Following Iran's announcement on Tuesday that it plans to increase its enrichment capacity, Mr Pompeo tweeted that the US is watching and is resolved not to allow Tehran to get a nuclear weapon.

"We're watching reports that #Iran plans to increase its enrichment capacity. We won't allow Iran to develop a nuclear weapon. Iran is aware of our resolve. It's another example of Iran foolishly squandering its resources. It should surprise no one if protests in Iran continue" Mr Pompeo tweeted on Wednesday.

The US said it will wait for the International Atomic Energy Agency’s (IAEA) report on Iran’s enrichment before making an official response.

But Mr Pompeo's tweet makes yet another linkage in the US strategy between preventing Iran from obtaining nuclear weapon and economic conditions fuelling protests there.
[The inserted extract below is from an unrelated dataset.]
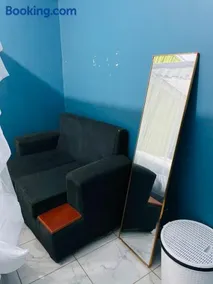 Jordan House - Image 3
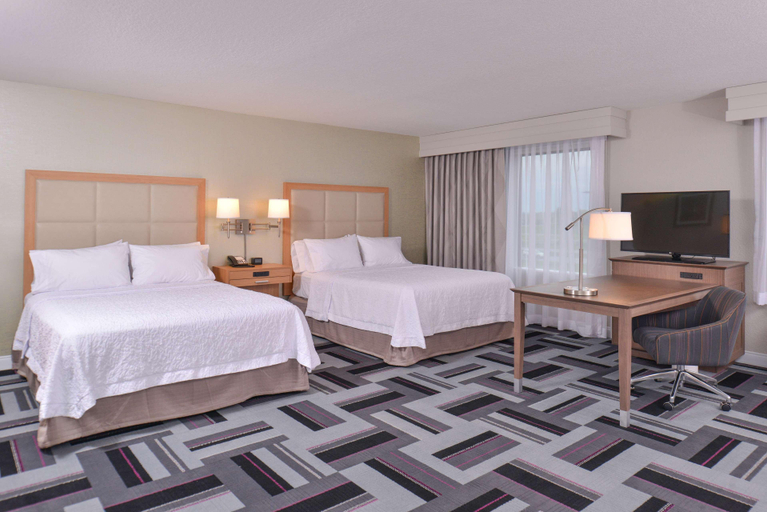 Bedroom 3, Hampton Inn & Suites Ame, Story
Mr Pompeo is predicting more protests.

Companies such as Total, General Motors, Peugeot, Maersk, Siemens, Allianz, British Petroleum and others have abandoned their ventures in or with Iran ahead of anticipated US sanctions after President Donald Trump walked out on the deal on May 8.

Boeing announced on Wednesday it was aborting delivery of aircraft to Iran.

“We have not delivered any aircraft to Iran, and given we no longer have a licence to sell to Iran at this time, we will not be delivering any aircraft,” its spokesman was reported as saying by Agence France Presse.

The pressure comes as more protests are reported in Iran on social media. Those included a lorry drivers’ strike last week which reportedly took place across many provinces and cities in Iran.

The protests are mostly economy driven and have been taking place in Iran intermittently since last December.